The organization of the paper is as follows; related works in this area are discussed in Section II. Section III describes the proposed methods in detail. Results are given in Section IV and Section V concludes the paper.

II Related Work

Understanding the factors that affect happiness have been studied extensively. Veenhoven, Ruut and Ehrhardt [2] investigated if the data available on happiness are in accordance with the three theories of happiness; comparison, folklore and livability. In a previous study, the researchers concluded that happiness is adversely affected for the people when their neighboring countries becomes wealthier [3]. In another study [1], it is investigated whether social capital has a significant effect on happiness. In [4], researchers updated the Easterlin Paradox, the idea that happiness is proportional to income, is valid for only developed countries. They concluded that this paradox also holds for less developed countries. In [5], the effects of different variables on the happiness (migration, health issues, income, etc.) are investigated on both national and global scale. HSBC’s expat survey [6] measured the satisfaction of expats in different aspects for various countries.

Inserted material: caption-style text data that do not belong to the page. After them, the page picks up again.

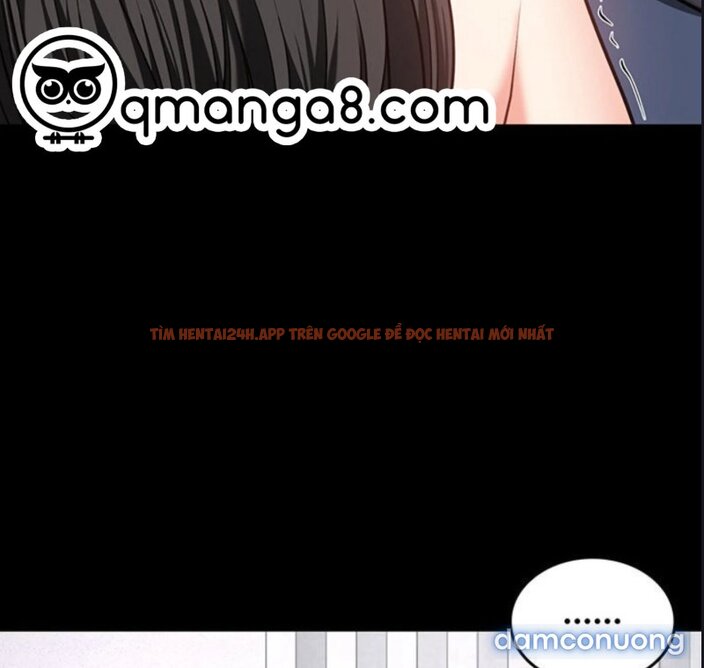 Xem ảnh 113 trong truyện hentai Nữ Tù Nhân - Chap 8 - www.hentaitvn.net Xem ảnh 113 trong truyện hentai Nữ Tù Nhân - Chap 8 - www.hentaitvn.net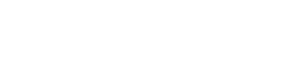 嘉兴悦程妇产医院【官网】_嘉兴高端妇产儿童专科医院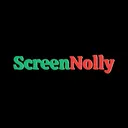@screennolly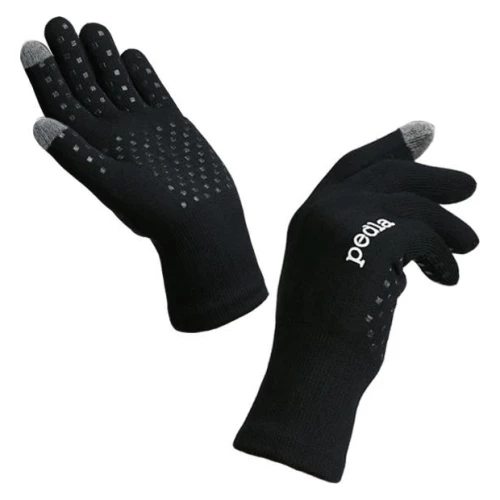 Pedla - Core AquaSHIELD Gloves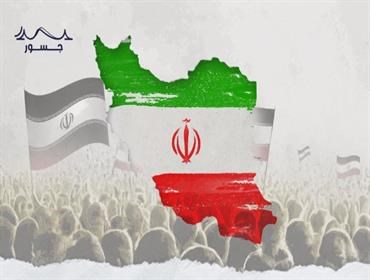 لماذا تلجأ إيران إلى إعدام متظاهرين علنًا؟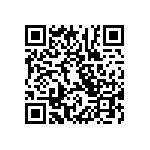 SIT3821AI-2CF-25EM74-250000Y QRCode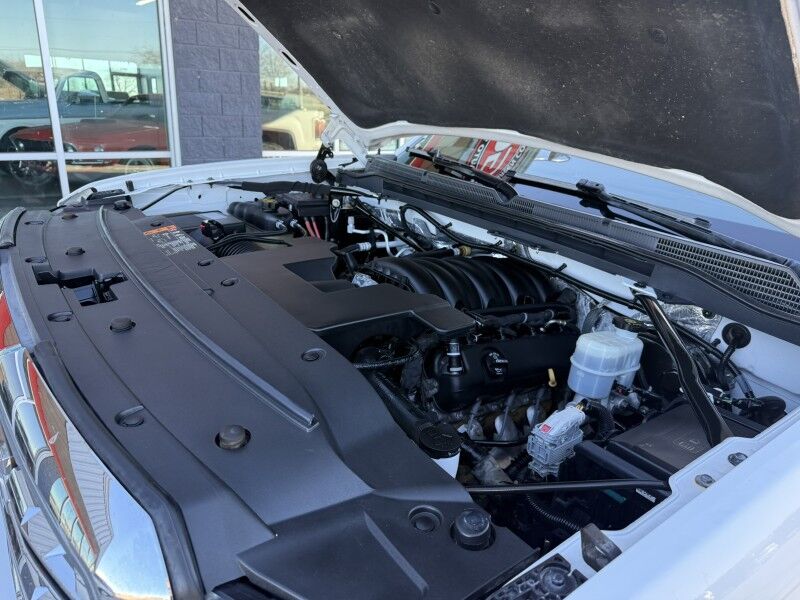 2018 GMC Sierra 1500 SLT Leather Collinsville OK
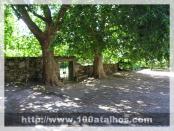 Click na foto para ampliar!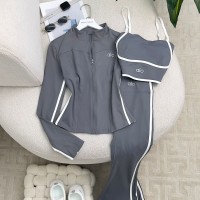 ترنج ستاتي أنيق 1010990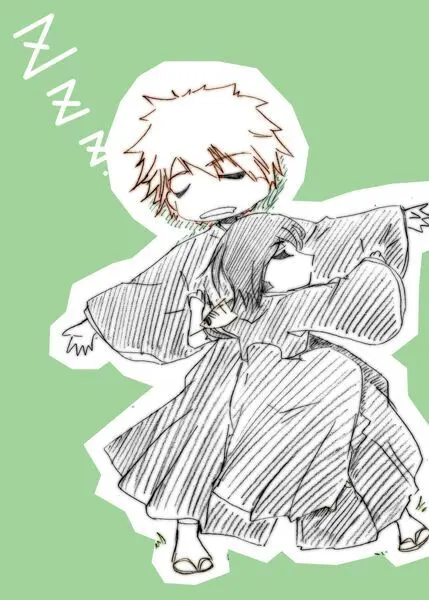 ] Tsuitta ni ageta raku ga ki yose atsumena noda yo.⑧ - page78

There are varying approaches on the subject in literature for emotion recognition ranging from examining brain signals to hybrid approaches like analyzing audio and text input together with videos. Machine learning algorithms such as Support Vector Machines (SVM) [7], Neural Networks and K-nearest Neighbors (k-NN) can be used to predict emotions from face images.

Some of the notable works in this field are as follows; Ekman and Friesen [8] developed a system which is called FACS (Facial Action Coding System), where basic universal facial expressions are represented as combinations of different action units. Black and Yacoob [9] used polynomials to represent optical flow and extract the motion of the facial features. After that, they used a rule-based classifier to classify basic emotions. Yacoob and Davis [10] used optical flow of the detected facial features within rectangular regions with rule-based classifier for recognition. Essa and Pentland [11] transformed face images into mesh models, then calculated the optical flow from them to recognize facial expressions. Donato et al. [12] compared different techniques to extract and classify facial expressions. Cowie et al. [13] published a survey about emotion recognition containing detailed information about both audio and visual approaches. Cohen et al. [14] in their work used Naive Bayes Classifiers with a Cauchy distribution together with HMM for facial expression recognition. Ioannou et al. [15] used a combination of SVM, morphological operators, neural networks and neuro-fuzzy system to classify facial expressions. Gunes and Piccardi [16] used face and hand gestures in combination to determine emotional expression. Mansoorizadeh and Charkari [17] introduced a hybrid feature space from extracted features of speech and video and performed emotion recognition. Dahmane and Meunier [18] used HOG and SVM to classify emotions from videos containing face. Halder et al. [19] used different combinations of fuzzy sets to classify emotions from faces. Poria et al. [20] used Convolutional (CNN) and Recurrent Neural Networks (RNN) with Multiple Kernel Learning to analyze sentiment from audio, video and text. Zhang et al. [21] introduced a fusion approach using a Part-based Hierarchical Bidirectional RNN (PHRNN) and a Multi-Signal CNN Network (MSCNN) on images to recognize emotions. Jain et al. [22] also proposed a CNN-RNN hybrid model on face images for recognition. Hossein and Muhammad [23] worked on audio and image inputs together using CNN and SVM for emotion recognition.

III Methodology

In our work, we present an unbiased emotion detector through machine learning using publicly available videos of the crowded streets in various countries. We aimed to gather unbiased data from different cities around the world to analyze the psychology of the general population. Footages from different cities are converted to frames to be used as dataset. All methods mentioned here are performed with Python language.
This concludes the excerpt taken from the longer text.